Выбрать главу

Ремизова так построила этот отрывок: открывается занавес, за роялем сидит убитый горем Николай Иванович, на рояле огромная лампа, полумрак. Я стою, облокотясь на рояль, заломив руки. Напряжённая тишина... Николай Иванович: «Вчера ночью твоя сестра мне изменила». И начинает играть очень громкий бравурный марш. Потом выходит Катя и так далее.

Так вот: появляется Рубен Николаевич, как всегда нарядный, благоухающий, в неизменной накрахмаленной рубашке с бабочкой (всегда, при всех обстоятельствах, даже в сорокаградусный мороз в эвакуации в Омске), приветливо улыбается и обращается к ассистентам: «Ну-с, что покажетес». Все затрепетали. Ремизова нам: «Начнём». Мы идём на сцену, Осенев садится за рояль. Я принимаю свою великолепную позу, нервно заламывая руки (по-моему, жутко красиво). Лампа горит, цветы на рояле блестят от света лампы. Николай Иванович говорит свою сакраментальную фразу, что ему изменила жена. Я нервно вздрагиваю, он начинает в бешеном ритме играть свой бравурный пассаж... и вдруг из темноты зала — громкий голос Рубена Николаевича: «Довольно! С завтрашнего дня начинаем работать водевиль «Спичка между двух огней».

Всё! Этому гениальному педагогу хватило одной фразы, одного мгновенья, чтобы понять, что Осенев никакой не трагик, что из него в дальнейшем выйдет замечательный водевильный актер (что и случилось); что я со своей внешностью никак не подхожу к этой декадентской обстановке; что Нине даже не стоило выходить: всё и так ясно; что ситуация, благодаря нашей старательности, почти комедийная. Словом, за три минуты нашего «шикарного» действа ему стало ясно всё, и со следующего дня он сам, как говорят теперь — лично, начал репетировать «Спичку», и это было незабываемо.

Как я уже говорила, у Симонова была необыкновенная способность зажигаться во время репетиции от актёра, если у того получалось. Он так увлёкся ролью незадачливого кавалера двух скромных девиц, которую репетировал Осеней, что сам показывал (а показывал он гениально) всякие неожиданные трюки и приспособления, пел куплеты, объяснял, как надо обращаться с тросточкой, цилиндром... Как он по-детски хохотал, радуясь, что у актёра «идёт», как развивал рисунок этого незамысловатого водевиля. На показе мы сыграли с блеском. Осенева сразу зачислили в труппу, поручив центральную роль в «Соломенной шляпке». Этот водевиль потом много лет мы играли на всех школьных показах, на всех смотрах молодёжи, на всех программных экзаменах Школы. Рубен Николаевич был счастлив — он этой работе отдал много времени, сил, и результаты оказались удачными — силы были потрачены не зря.

Так шло время. В Школе — занятия, отрывки, фехтование, станок. После работы с Рубеном Николаевичем все остальные отрывки, сдаваемые на третьем курсе, были уже не столь значительными. Работа с Симоновым была главной за всё время учёбы. И вот окончательный выпуск. Конечно, волнения, страхи, тревоги. Никаких особых торжеств не было. В.В. Куза (он тогда был худруком театра) на собрании труппы зачитал приказ, просто приказ о зачислении.
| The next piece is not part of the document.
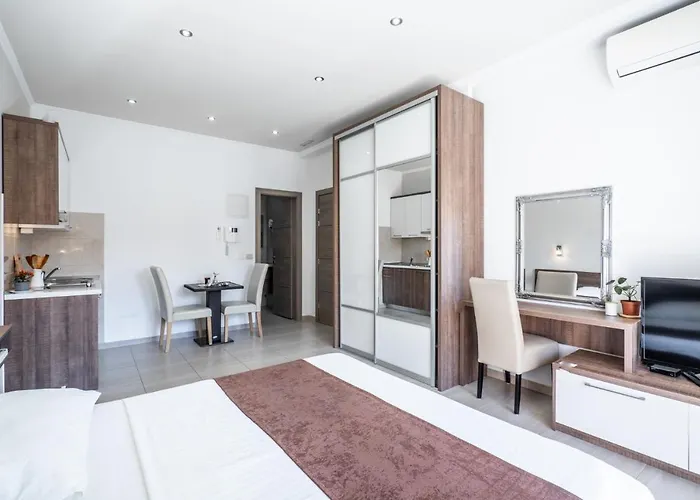 Cavar, Close To The Apartamento Makarska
Никаких гвоздик, как сейчас, нам не дарили. не знаю, может быть, в предвоенной Москве было плохо с цветами или у театра не было денег, словом, цветов не было. Зато было другое. В приказе говорилось о том, что в труппу зачисляются шесть студентов, что все они займут разное положение в театре, что всем даются разные оклады и что роли они будут играть разные. Но была высказана уверенность, что все они станут вахтанговцами. И дело не в том, что Куза оказался провидцем и всё так и произошло, а что многие прожили в театре, ни разу ему не изменив, не предав.